[Data shown]
+---+

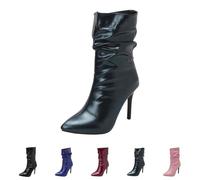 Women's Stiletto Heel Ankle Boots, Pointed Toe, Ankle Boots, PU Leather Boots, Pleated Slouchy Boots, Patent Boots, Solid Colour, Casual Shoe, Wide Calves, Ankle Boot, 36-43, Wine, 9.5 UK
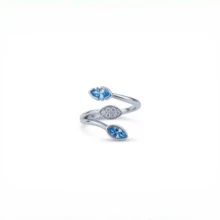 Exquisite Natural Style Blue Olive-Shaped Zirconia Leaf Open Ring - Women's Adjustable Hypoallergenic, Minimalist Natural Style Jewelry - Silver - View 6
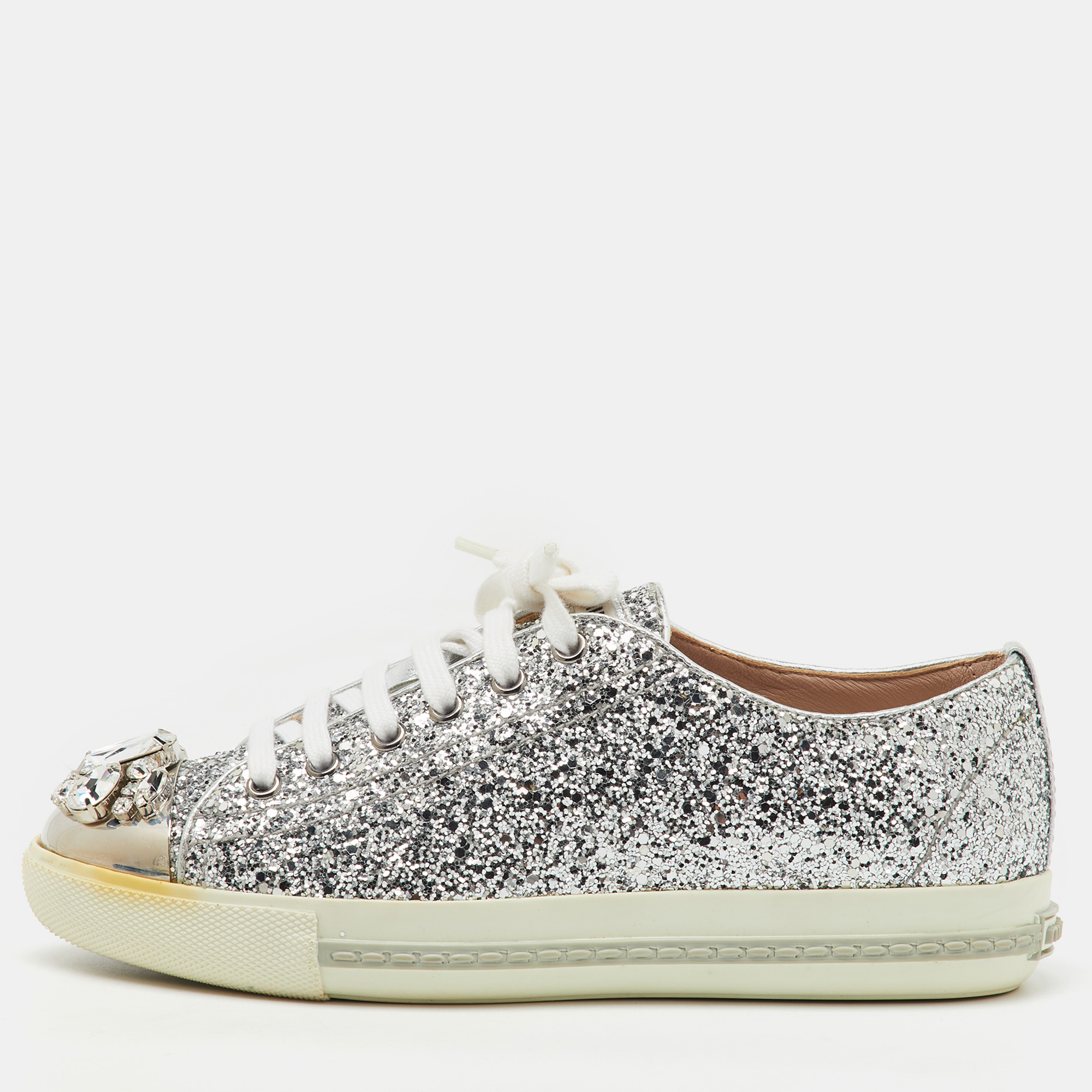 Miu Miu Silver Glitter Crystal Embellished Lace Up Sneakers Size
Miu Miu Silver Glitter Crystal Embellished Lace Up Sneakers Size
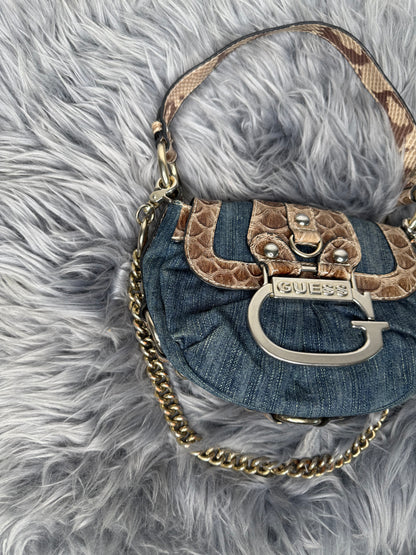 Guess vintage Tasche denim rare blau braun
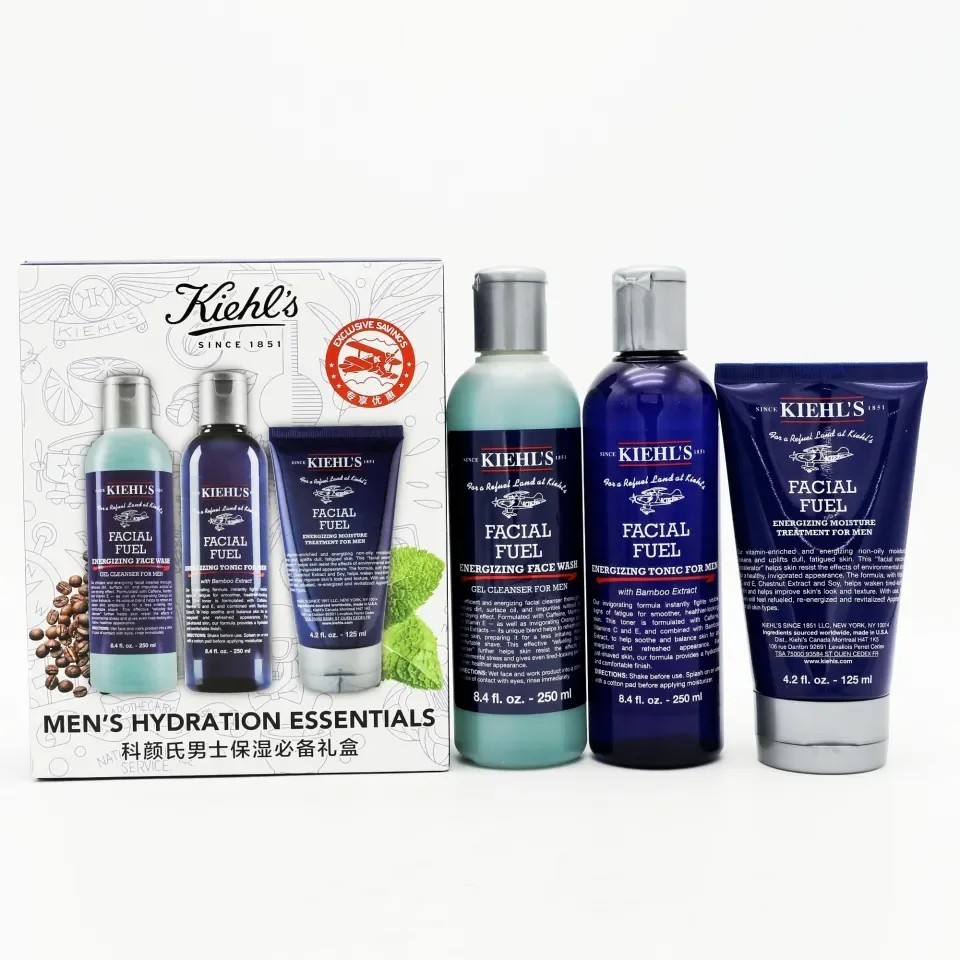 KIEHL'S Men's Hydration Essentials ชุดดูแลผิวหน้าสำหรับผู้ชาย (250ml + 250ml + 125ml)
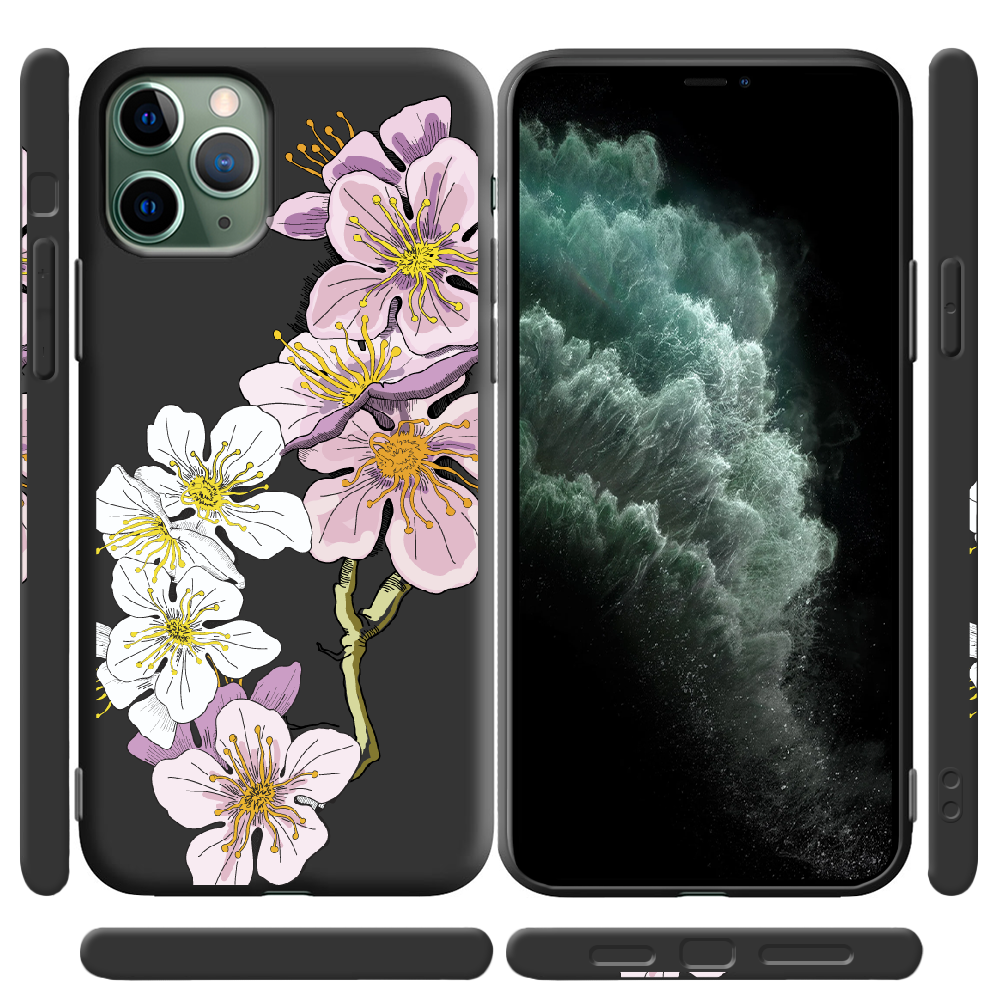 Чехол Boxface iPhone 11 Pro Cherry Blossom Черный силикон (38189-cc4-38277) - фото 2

+---+

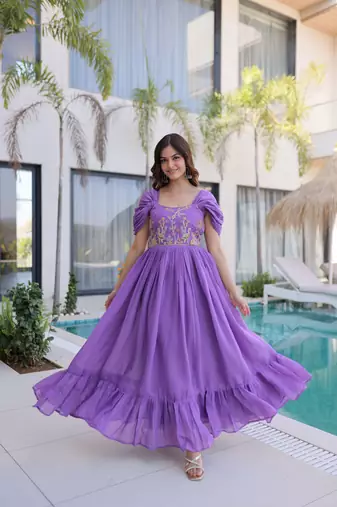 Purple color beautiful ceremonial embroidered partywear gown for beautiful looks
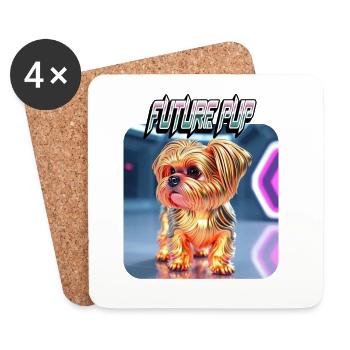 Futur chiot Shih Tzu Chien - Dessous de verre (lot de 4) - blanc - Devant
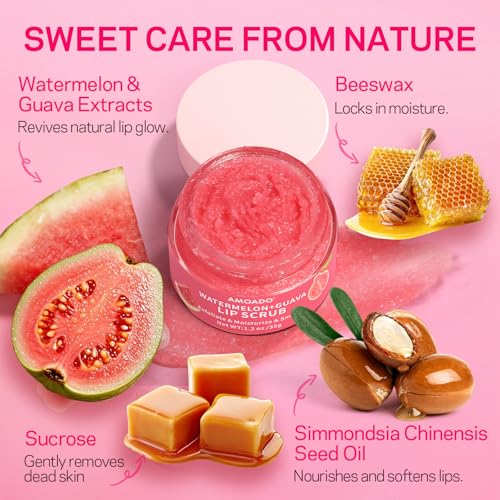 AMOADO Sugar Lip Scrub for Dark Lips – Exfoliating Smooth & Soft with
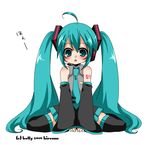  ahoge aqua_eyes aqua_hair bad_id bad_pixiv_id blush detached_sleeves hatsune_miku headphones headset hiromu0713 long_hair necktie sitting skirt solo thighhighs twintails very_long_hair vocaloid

+---+

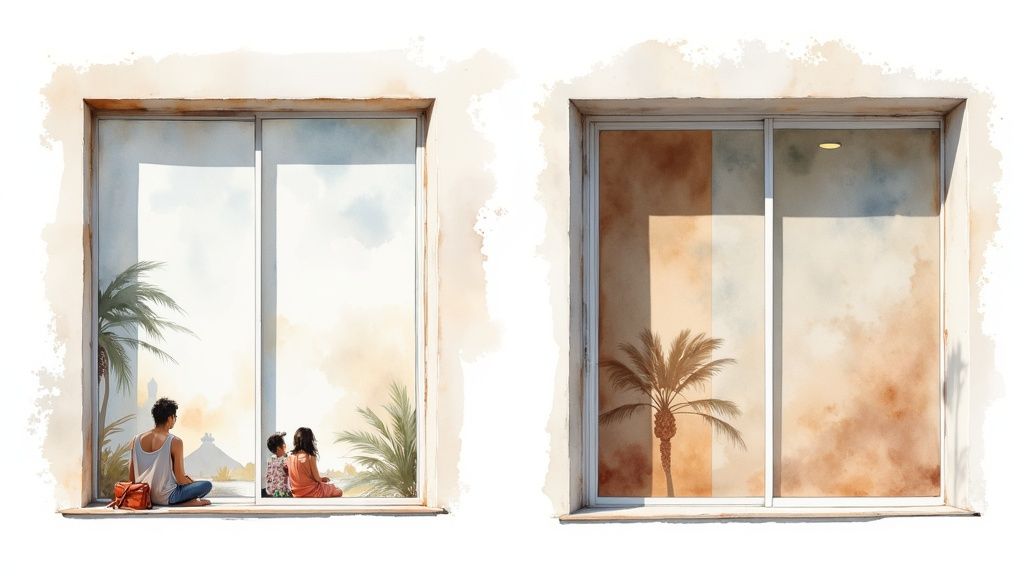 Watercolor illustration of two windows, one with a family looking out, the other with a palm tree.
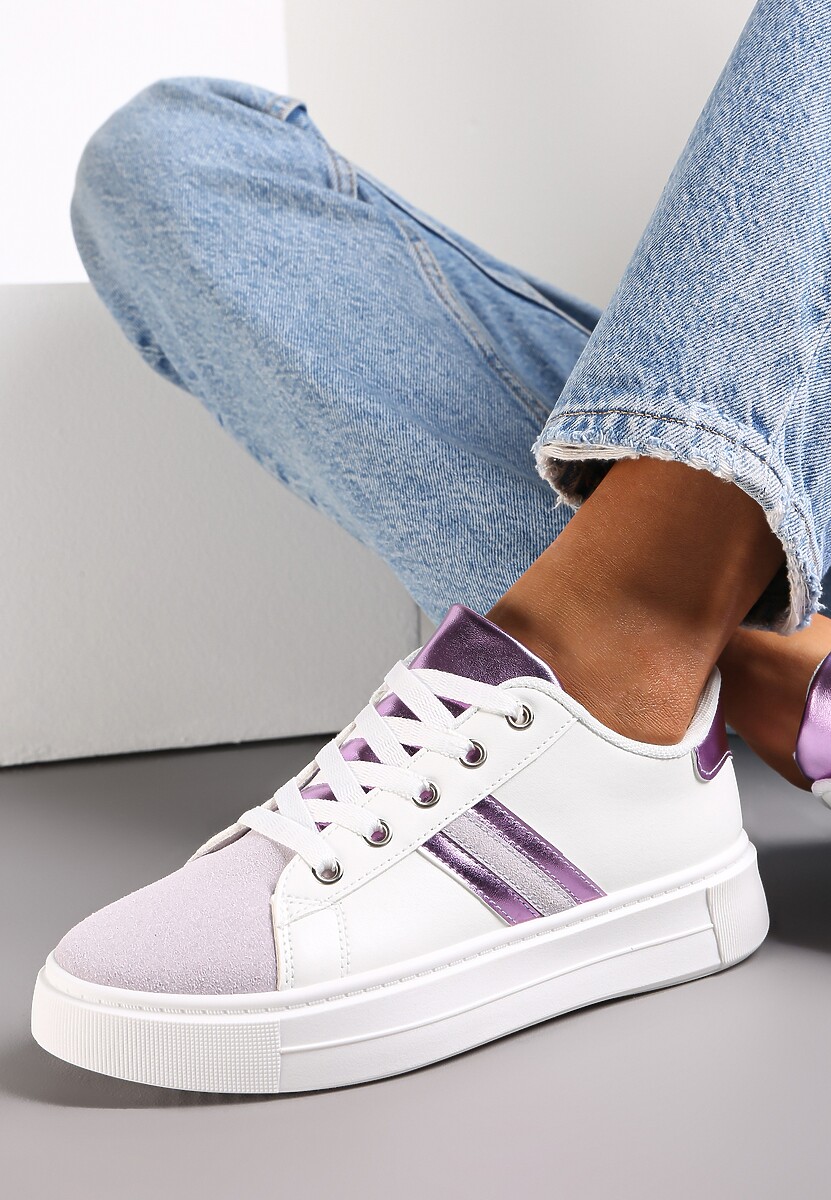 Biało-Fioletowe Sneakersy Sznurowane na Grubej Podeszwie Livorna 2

+---+

[Task to complete] Reproduce, word for word, everything in the listing above from the line containing "AMOADO Sugar Lip" down to the line containing "ahoge aqua_eyes aqua_hair", both of them included. No pictures.

[Response box]
 AMOADO Sugar Lip Scrub for Dark Lips – Exfoliating Smooth & Soft with
  ahoge aqua_eyes aqua_hair bad_id bad_pixiv_id blush detached_sleeves hatsune_miku headphones headset hiromu0713 long_hair necktie sitting skirt solo thighhighs twintails very_long_hair vocaloid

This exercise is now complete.